++++ Dataset excerpts ++++

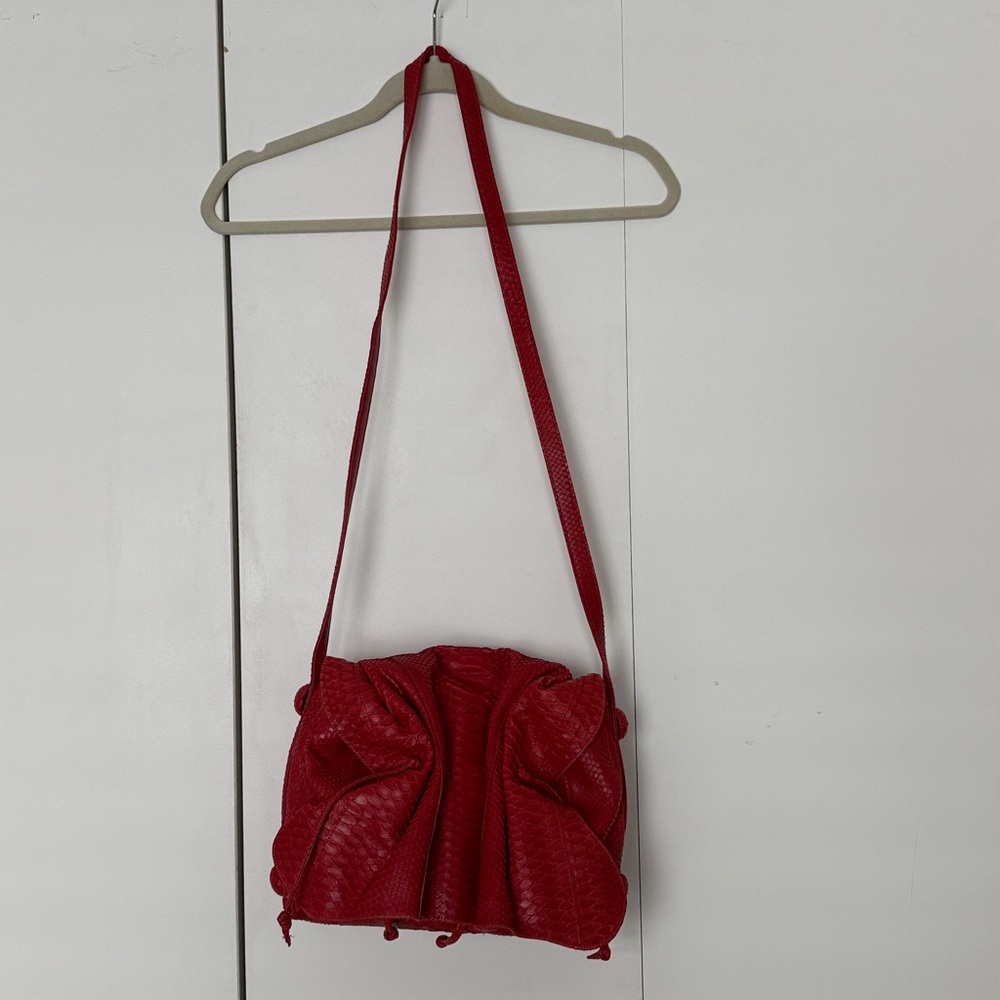 Carlos Falchi Red Python Shoulder Bag - image 3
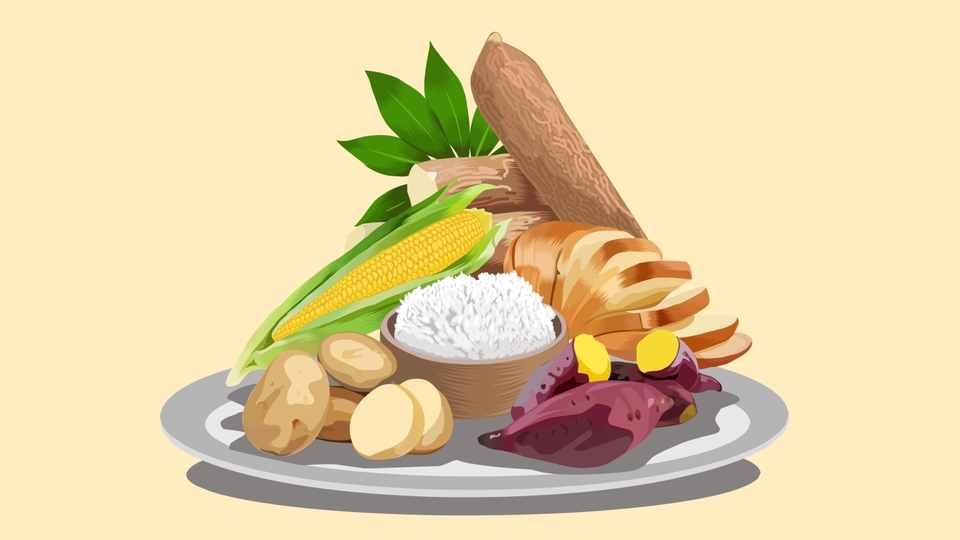 Ilustrasi makanan sehat seperti nasi, jagung, ubi jalar, singkong, buah, dan roti.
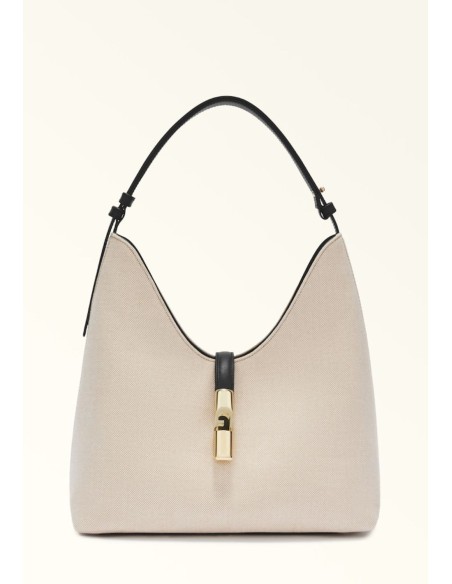 Furla Goccia Borsa a Spalla M in Canvas e Pelle
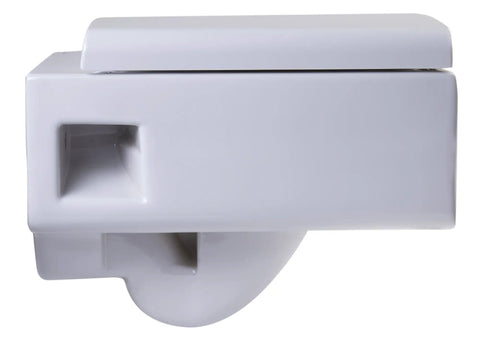 Side view of Replacement Soft Closing Toilet Seat For WD333 Elongated White With Quiet Soft Drop Hinge System Includes Seat And Lid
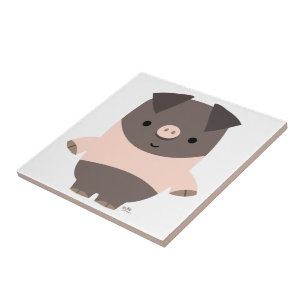 Cute Strong Tecknad Gris Tile Kakelplatta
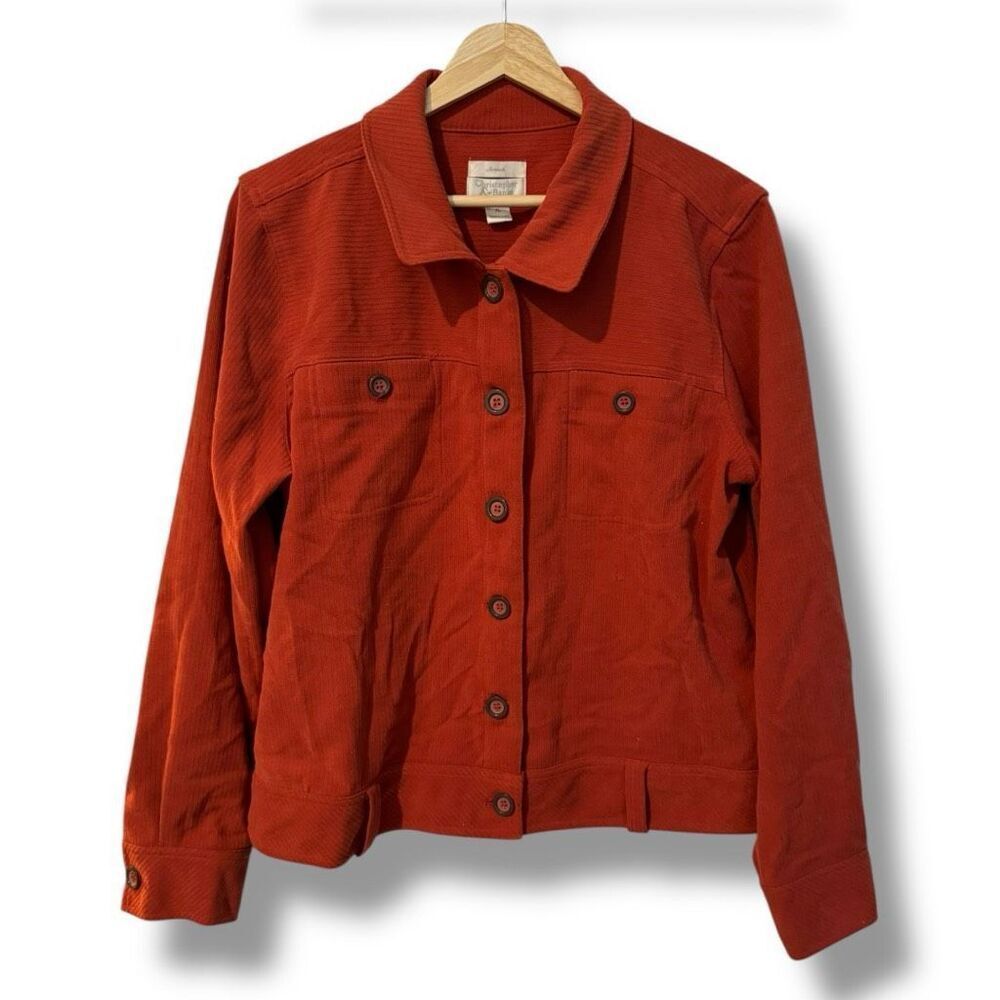 Christoper & Banks Women's Burnt Orange Corduroy Jacket XL Long Sleeve Button-Up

++++

Keep the pictures out while you retype all of the data above exactly as it appears.

 Carlos Falchi Red Python Shoulder Bag - image 3
 Ilustrasi makanan sehat seperti nasi, jagung, ubi jalar, singkong, buah, dan roti.
 Furla Goccia Borsa a Spalla M in Canvas e Pelle
 Side view of Replacement Soft Closing Toilet Seat For WD333 Elongated White With Quiet Soft Drop Hinge System Includes Seat And Lid
 Cute Strong Tecknad Gris Tile Kakelplatta
 Christoper & Banks Women's Burnt Orange Corduroy Jacket XL Long Sleeve Button-Up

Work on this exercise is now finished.